Exercise requirements =
Give the data again exactly as it appears, excluding any pictures.

Data below =
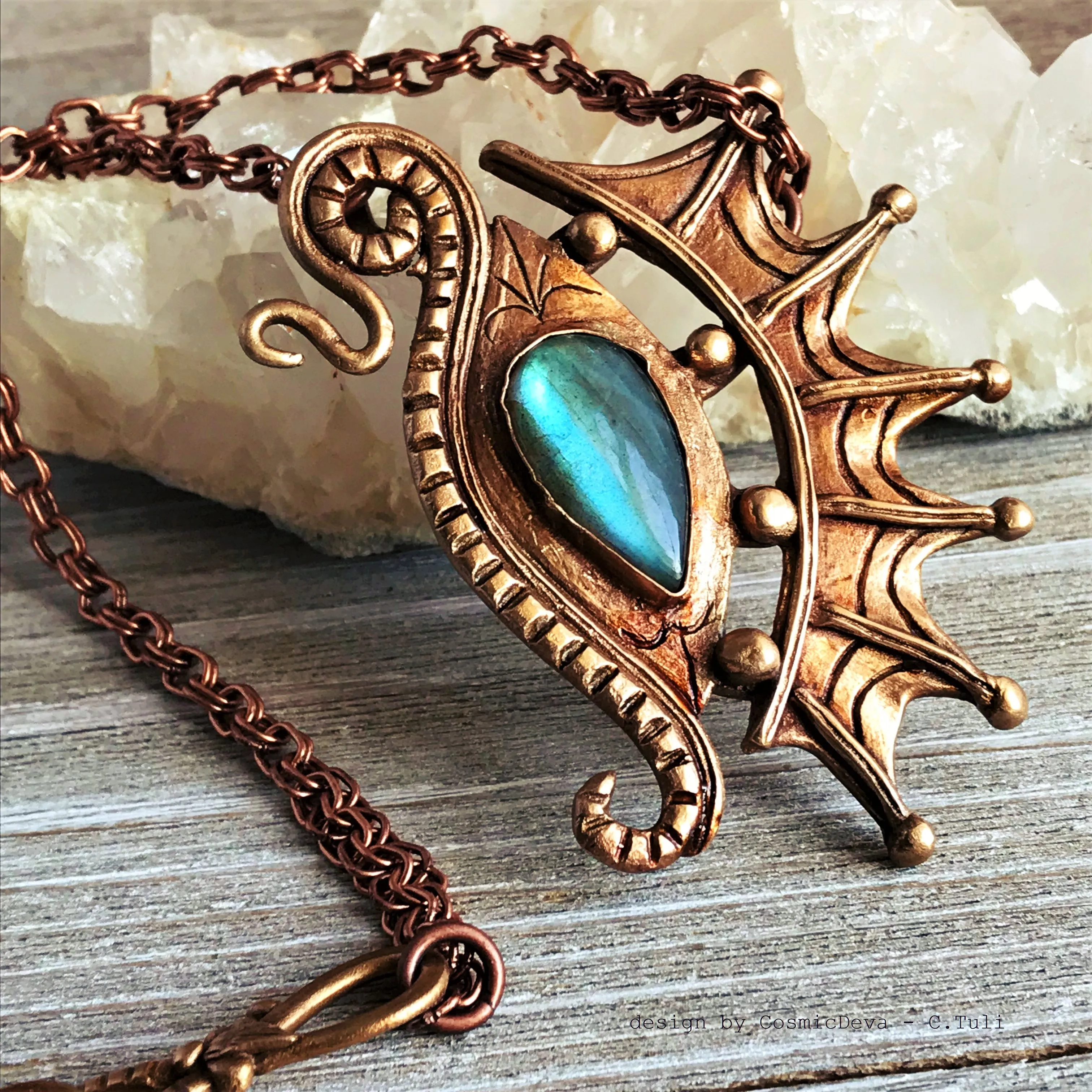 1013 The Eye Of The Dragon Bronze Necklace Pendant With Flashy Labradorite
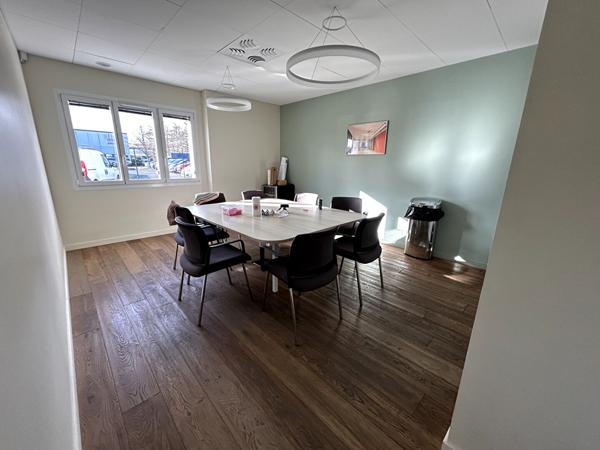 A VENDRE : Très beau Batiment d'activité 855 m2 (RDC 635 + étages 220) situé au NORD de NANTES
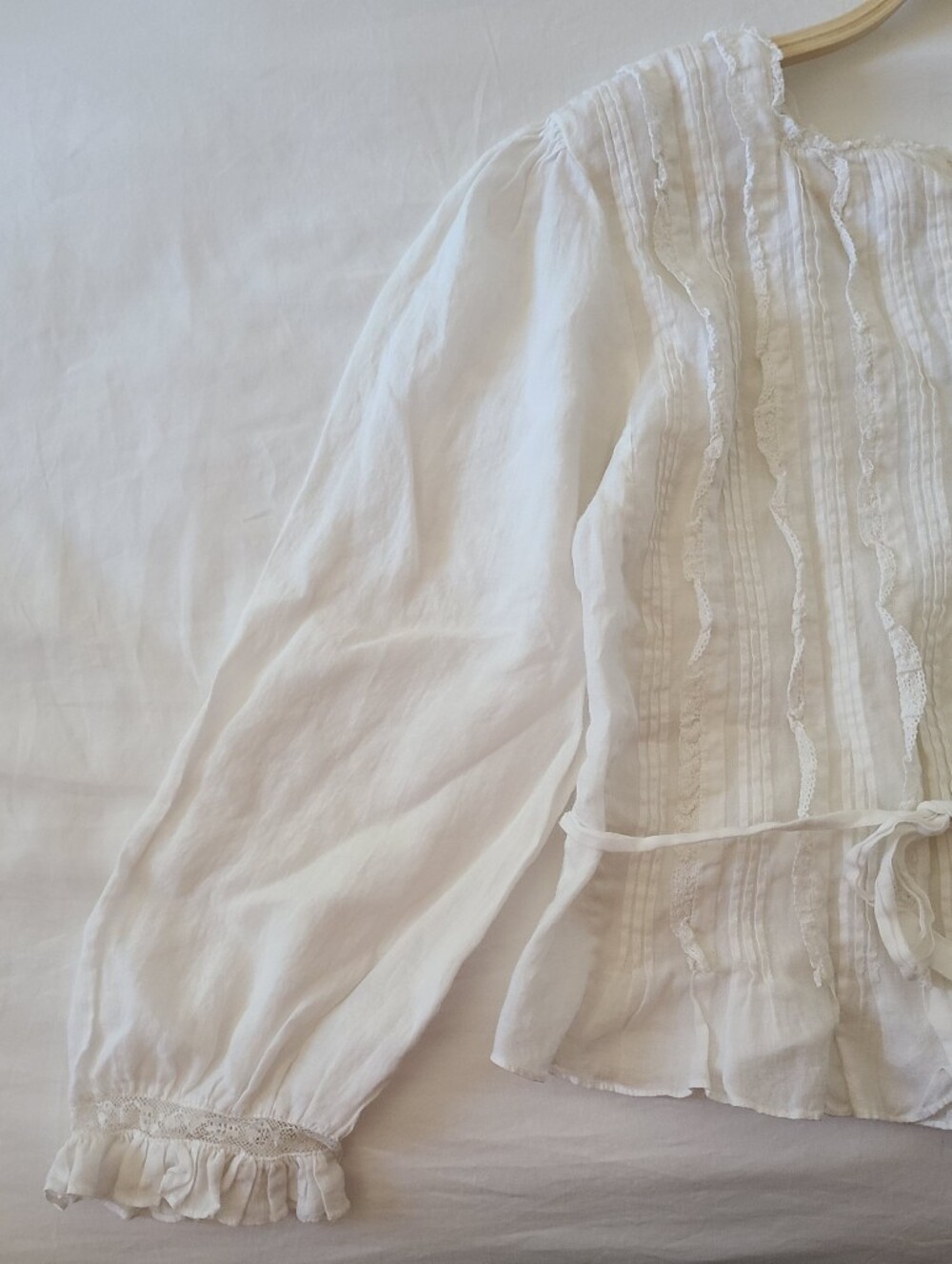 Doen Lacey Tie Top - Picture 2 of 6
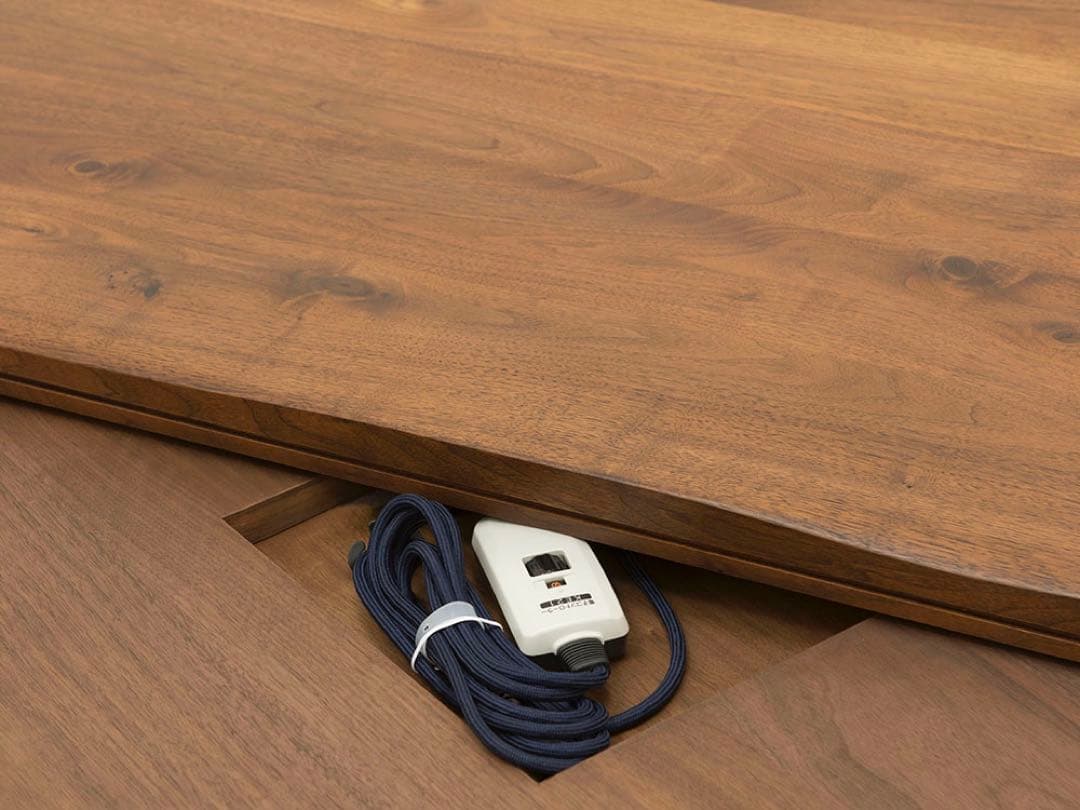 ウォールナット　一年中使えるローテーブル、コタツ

Task solution =
 1013 The Eye Of The Dragon Bronze Necklace Pendant With Flashy Labradorite
 A VENDRE : Très beau Batiment d'activité 855 m2 (RDC 635 + étages 220) situé au NORD de NANTES
 Doen Lacey Tie Top - Picture 2 of 6
 ウォールナット　一年中使えるローテーブル、コタツ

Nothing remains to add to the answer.